Brendan Quirk:            

Yeah. It's heat and pressure is what it is, and that's exactly right. And you have pieces that you mold together with heat and pressure, and then you have other pieces that you'll bond together using like incredibly strong glue in essence, and that's how you piece the bike together. But yeah, the heat, it's almost like a Panini press is what it looks like. But it's a Panini press that's not just, you have the external pressure of these two pieces of steel coming together, compressing the carbon fiber part that you're making. But then you also have air pressure, you have air pressure coming from the inside of the parts. So you have pressure from the inside and pressure from the outside plus heat to give it this incredible strength. But yeah, Panini press is probably the best image you can conjure in your mind.

Robert Wagner:           

Okay. So that's a good segue into just the difficulty of doing this in America. So you mentioned labor costs, that's pretty obvious. And then you also mentioned something that got my curiosity, which is around environmental. How does that play in?

Brendan Quirk:            

The environmental stuff, that's mostly around the finishing, it's the sanding, the painting, a lot of the stuff we're using. You're using a lot of solvents, chemicals, things like that. What these things look like in the US is very different than what they look like in Asia due to environmental considerations. I'd say for us, that's secondary. The labor component is the big one. And we, our best estimates is that on an hourly basis we are paying our employees 10X what people are doing for the same roles in Asia. And it's the majority of our cost of goods in one of our frames is the labor, it's actually not the carbon material, but it's the number of man hours that we have in building the frame.

So if we're paying 10X for labor, putting a product out there that is comparably engineered at a price that's generally the same as Asian manufactured stuff is really, really hard. But that's what we're pursuing because the consumer is brutal. I mean, price matters. It doesn't matter. Somebody could be buying a Ferrari or a Rolex and you think, oh, price doesn't matter. Price always matters. And so there's only even the most diehard supporter of made in America is only going to pay so much of a premium to get that.

Robert Wagner:           

So this is another facet of labor when you talk about labor costs, but what about just the ability to find the labor to scale a business? The folks who then operate this equipment, which is obviously very specialized stuff, right?

Brendan Quirk:            

The Northwest Arkansas has actually an amazing labor pool. So this factory started in Little Rock, which for those folks who aren't familiar with Arkansas geography, it's 200 miles from ... Little Rock is right in the middle of the state, Bentonville's in the northwest corner. So we moved this factory, we had to basically replace our entire labor force. We moved the factory to Bentonville this spring. And we were very, very pleasantly surprised at the abundance of available labor here in Northwest Arkansas. There's a lot of production labor work in Northwest Arkansas between poultry jobs, between ... there's tons of construction going on. We were worried that those jobs pay well, they have established workforces, man oh man, are we going to be able to pry these people away?

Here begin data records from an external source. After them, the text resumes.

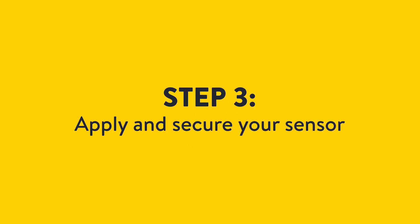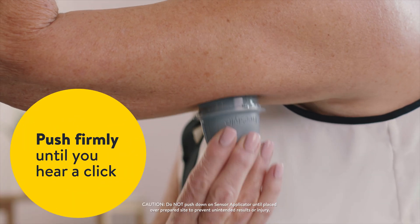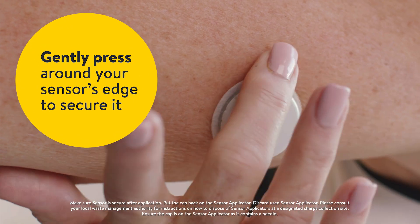Now you will apply and secure your sensor. Place the applicator over the prepared site. Push firmly until you hear a click. Gently press around your sensor's edge to secure it.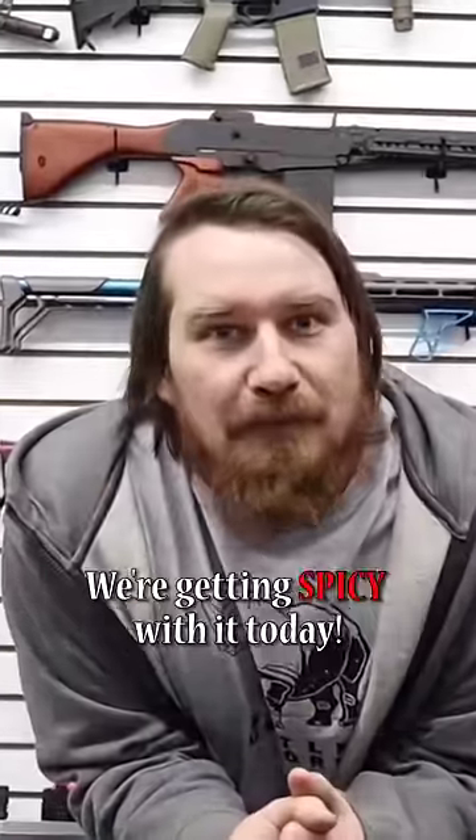This is a standard M4. We don't need that. We're going to show you unique stuff. We're getting spicy with it today.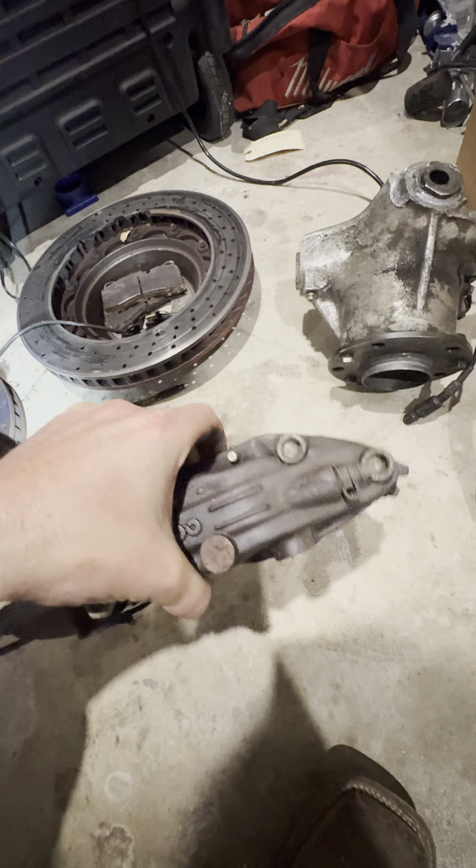I can't wait till my new shop gets built because this is driving me nuts — tools everywhere. I also got some new stickies for it — some new tires. Look how wide those rears are, that's ridiculous. Massive. So we got some new stickies for it and we'll get those done.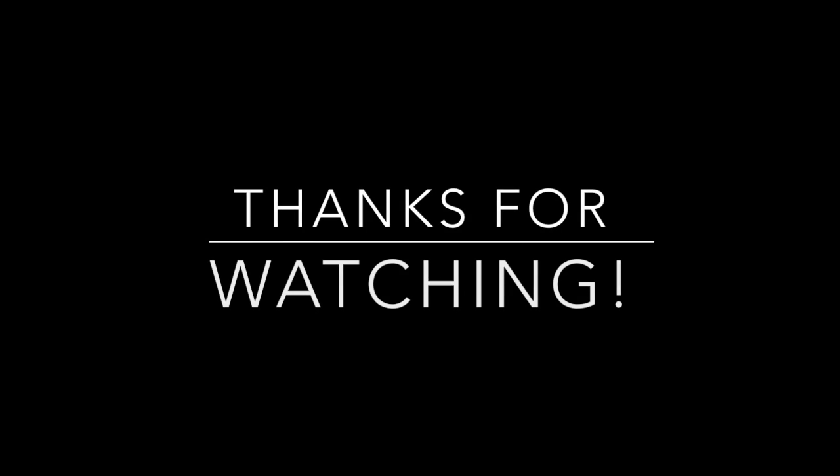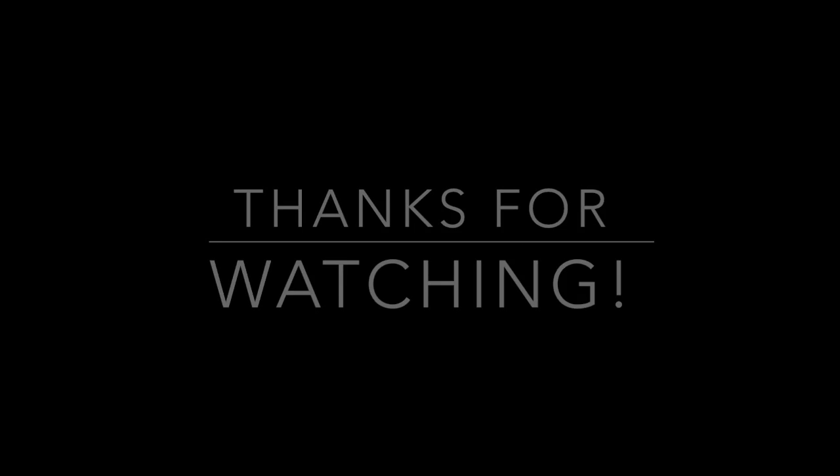Thank you guys so much for watching. Comments or questions, please feel free to leave them below and I'll see you soon. Bye!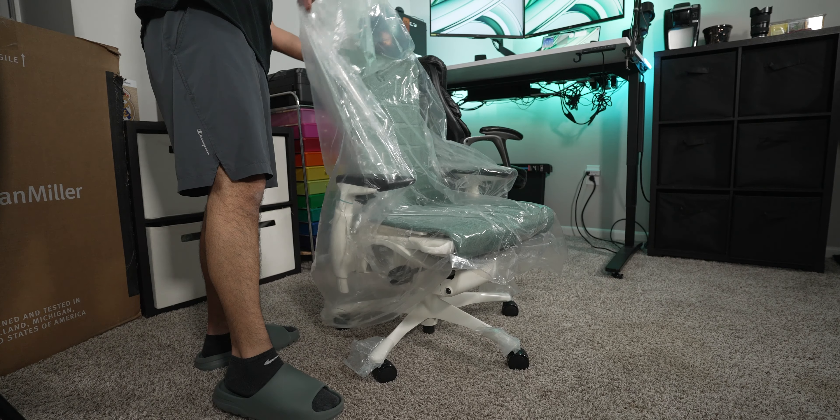Herman Miller Gaming noticed that a lot of gamers were dissatisfied with their chairs, so that's why they offer the Gaming Embodied Chair. The Gaming Embodied Chair not only feels very comfortable and is good for your health while sitting, but also looks damn good. The design is something you don't see on any other chair — it looks like a skeleton on the back. I personally have the white base with the galaxy colorway, which has a mix of black, white, and a greenish galaxy color that I really like.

Thankfully we could. At any time, we've had to have an uptick in labor. It has not been too difficult to fill that labor pool. And to some extent, it's just a matter of how good is your training. Nobody walks in and says, "Hey, I can paint a carbon fiber bike. I can mold carbon fiber parts." Nobody knows, it's all about training and teaching. We're very fortunate that we've got some pretty darn good protocols for training people as they come in to teach them how to build these parts. What this means though for us is that we really prize our production labor because we have so much time invested in their training that it's important for us to have a great work environment and a great culture so we can retain those people.

Robert Wagner:           

So let's talk a little bit about just the cycling culture in Northwest Arkansas, there's as you mentioned the guys have a quality of life initiative, which makes very cool. It's got a lot of prongs to it, cycling being one. You mentioned, I think in a prior conversation that we had about some cycling events may be over in Oklahoma and in Tulsa. We have Tulsa Tough. What is it that the cities are seeing in this? Why is cycling a movement right now you think? Because economic development as well, right?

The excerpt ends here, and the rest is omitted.